Great, after that algebraic rearrangement, we have a nice result, so let’s compute chain rule - note a nudge in $z^{(i)}$ only affects $\hat{y}^{(i)}$ so:

$\frac{\partial{J}}{\partial{z^{(i)}}} = \frac{\partial{J}}{\partial{\hat{y}^{(i)}}}\*\frac{d\hat{y}^{(i)}}{dz^{(i)}} = \frac{-1}{m}(\frac{y^{(i)}}{\hat{y}^{(i)}} - \frac{1- y^{(i)}}{1- \hat{y}^{(i)}})\hat{y}^{(i)}(1-\hat{y}^{(i)})$

So we have, multiplying out:

$\frac{\partial{J}}{\partial{z^{(i)}}} = \frac{-1}{m}[ y^{(i)}(1- \hat{y}^{(i)}) - \hat{y}^{(i)}(1- y^{(i)}) ] = \frac{1}{m}(\hat{y}^{(i)} - y^{(i)})$

If we compare with linear regression, it turns out that the equations for the partial derivatives for $W_j$ and $b$ are the same, since the equation for $z^{(i)}$ in logistic regression is the same as $\hat{y}^{(i)}$ in linear regression.

We just have one final step to finish things off! Just like in the last post, we can rewrite the equation for $\frac{\partial{J}}{\partial{W}}$ as a matrix multiplication: note that $W$ is a 1 x n matrix, $X$ is a m x n matrix and $Y$ is a 1 x m matrix. So:

$\frac{\partial{J}}{\partial{W*1j}} = \frac{1}{m}\sum*{i=1}^{m}(\hat{Y} - Y)_{1i} \* X_{ji} = \frac{1}{m}\sum*{i=1}^{m}(\hat{Y} - Y)*{1i} \* X^T\_{ij}$

$\frac{\partial{J}}{\partial{W}} = \frac{1}{m}(\hat{Y} - Y).X^T$

The equation for the $\frac{\partial{J}}{\partial{b}}$ is the same, only that we use subscripts for the matrix $Y_{1i}$ instead of $y^{(i)}$ and ditto for $\hat{Y}$ .
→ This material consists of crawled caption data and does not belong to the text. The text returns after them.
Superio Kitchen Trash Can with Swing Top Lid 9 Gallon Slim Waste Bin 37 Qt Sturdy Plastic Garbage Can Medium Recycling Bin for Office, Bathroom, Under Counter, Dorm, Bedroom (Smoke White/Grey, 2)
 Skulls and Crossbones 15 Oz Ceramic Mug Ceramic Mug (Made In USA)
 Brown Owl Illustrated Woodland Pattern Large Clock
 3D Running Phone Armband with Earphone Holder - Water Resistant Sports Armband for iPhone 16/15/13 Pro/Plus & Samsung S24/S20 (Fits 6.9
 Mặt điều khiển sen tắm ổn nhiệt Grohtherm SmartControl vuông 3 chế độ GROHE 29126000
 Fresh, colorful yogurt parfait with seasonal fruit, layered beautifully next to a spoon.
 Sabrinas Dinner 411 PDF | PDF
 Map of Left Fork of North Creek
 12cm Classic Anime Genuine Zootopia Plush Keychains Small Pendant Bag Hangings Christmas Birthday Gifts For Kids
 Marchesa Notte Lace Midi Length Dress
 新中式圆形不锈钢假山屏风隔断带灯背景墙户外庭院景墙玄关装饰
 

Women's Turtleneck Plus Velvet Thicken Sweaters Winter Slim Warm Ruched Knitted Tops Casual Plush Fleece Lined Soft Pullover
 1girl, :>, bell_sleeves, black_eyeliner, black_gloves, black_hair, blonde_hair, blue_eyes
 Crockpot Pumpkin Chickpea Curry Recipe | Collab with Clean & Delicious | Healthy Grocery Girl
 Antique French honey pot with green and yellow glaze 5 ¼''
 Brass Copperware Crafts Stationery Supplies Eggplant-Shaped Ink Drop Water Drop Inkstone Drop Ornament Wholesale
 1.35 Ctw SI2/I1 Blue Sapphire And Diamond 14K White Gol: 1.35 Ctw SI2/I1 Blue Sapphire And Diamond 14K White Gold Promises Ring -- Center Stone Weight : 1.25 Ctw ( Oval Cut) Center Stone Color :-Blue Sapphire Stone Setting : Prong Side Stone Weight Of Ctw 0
So by breaking it down into many small steps, we have our final equations (for both linear and logistic regression):

$\frac{\partial{J}}{\partial{W}} = \frac{1}{m}(\hat{Y} - Y).X^T$

$\frac{\partial{J}}{\partial{b}} = \frac{1}{m} \sum_{i=1}^{m}(\hat{Y}_{1i} -Y_{1i})$

Code:

def grads(X, Y, Y_pred):
    m = Y.shape[1]
    dW = (1.0/m)*np.dot(Y_pred-Y,X.T)
    db = (1.0/m)*np.sum((Y_pred-Y),axis=1,keepdims=True)
    return dW, db

dW, db = grads(X, Y, Y_pred)

#gradient descent update
W = W -  alpha*dW
b = b - alpha*db

Conclusion:

With the last two posts, you have now coded up your first two machine learning algorithms, and trained them! Machine learning can be applied to diverse datasets - the motivating examples that you trained your algorithms - housing prices and breast cancer classification - being two great examples of that!

If you made it through the maths, you’ve understood the fundamentals of most learning algorithms - we’ll use this as building blocks for neural networks next.